You can leave your hat on

11 min read

DISCOVER Ilkley Moor

Ancient markings, alien abductions, poetic graffiti, stone circles, Victorian mindfulness, Charles Darwin in a plunge pool… and the most famous song in Yorkshire. Welcome to the beautiful and slightly bonkers world of Ilkley Moor.

PLAYING IT SAFE Nick plays along with the song by wearing his South American tarpaulin hat while exploring Ilkley Moor. It probably wasn’t the kind of hat the authors had in mind, but hey.
PHOTOS: TOM BAILEY

IT’S QUITE SURPRISING how many songs there are about hats. All Around My Hat, You Can Leave Your Hat On, Wherever I Lay My Hat, Hold On To Your Hat, Leopard-Skin Pill-Box Hat, Raspberry Beret… I could do this all day. Probably. But when it comes to melodies of millinery, one song stands homburg and trilby above all others. It’s called On Ilkla Mooar Baht ’At, and it’s known as the unofficial anthem of Yorkshire. (Some even call it Yorkshire’s National Anthem, particularly those of the firm persuasion that Yorkshire is a nation unto itself.)

The title means ‘On Ilkley Moor Without a Hat’, and it’s a wondrously wry cautionary tale about the importance of wearing a hat if you set out across Ilkley Moor.

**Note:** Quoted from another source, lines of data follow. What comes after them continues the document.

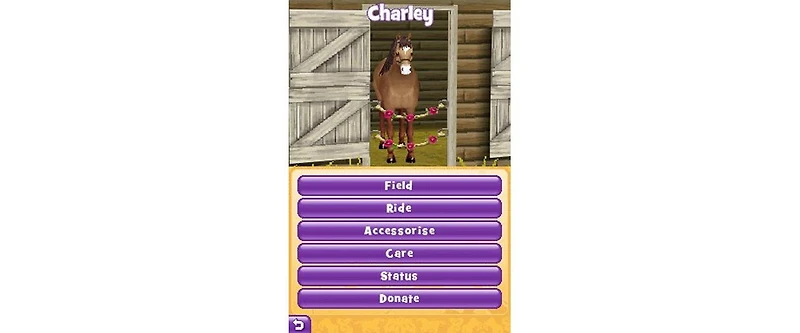 Square Enix Pony Friends 2 - Nintendo Ds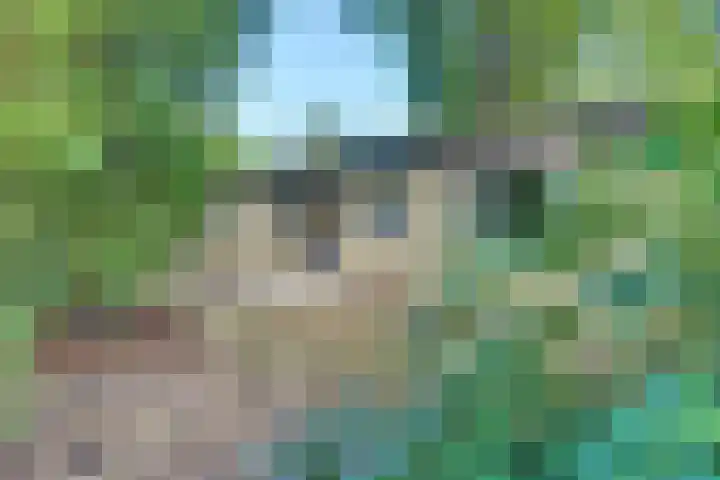 Parallelweg 26 203 Hierden thumbnail 6
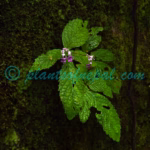 Didymocarpus primulifolius D.Don Plants of Nepal Didymocarpus primulifolius D.Don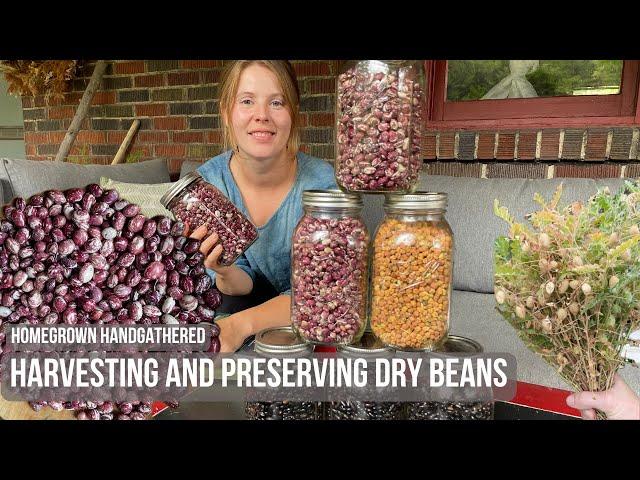 Harvesting and Preserving Dry Beans for Winter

Not just that, mind. It’s also a song about fooling around in the heather with someone you fancy. It’s also about mortality and transience and what Mufasa the Lion called ‘the circle of life’. And it’s about ducks. There’s a lot going on in that song.

But that’s because there’s a lot going on out on that moor, too. Ilkley Moor, whence this complex epic originates, is packed with more interest and intrigue, more history, heritage and habitat, than any upland of its comparatively

compact size has any right to boast. Stories layer this moorland, from archaeology to art; from Victorian mindfulness to (rumoured) alien abductions.

The best way to discover these stories is to go for a walk, obviously. As long as you bring a hat.

The giant and the genius

First, the what’s what of Ilkley Moor. And that starts with the fact that it isn’t really Ilkley Moor. The given name for this self-contained dollop of upland, fringed by the West Yorkshire trading colonies of Keighley, Ilkley, Guiseley and Bingley, is Rombalds Moor. ‘Rombald’ is often touted as being a resident Yorkshire giant. Legend says he was fleeing a quarrel with his equally giant (and alas nameless) wife when he tripped over, creating the broken rocks of Cow and Calf at the north-eastern edge of the moor.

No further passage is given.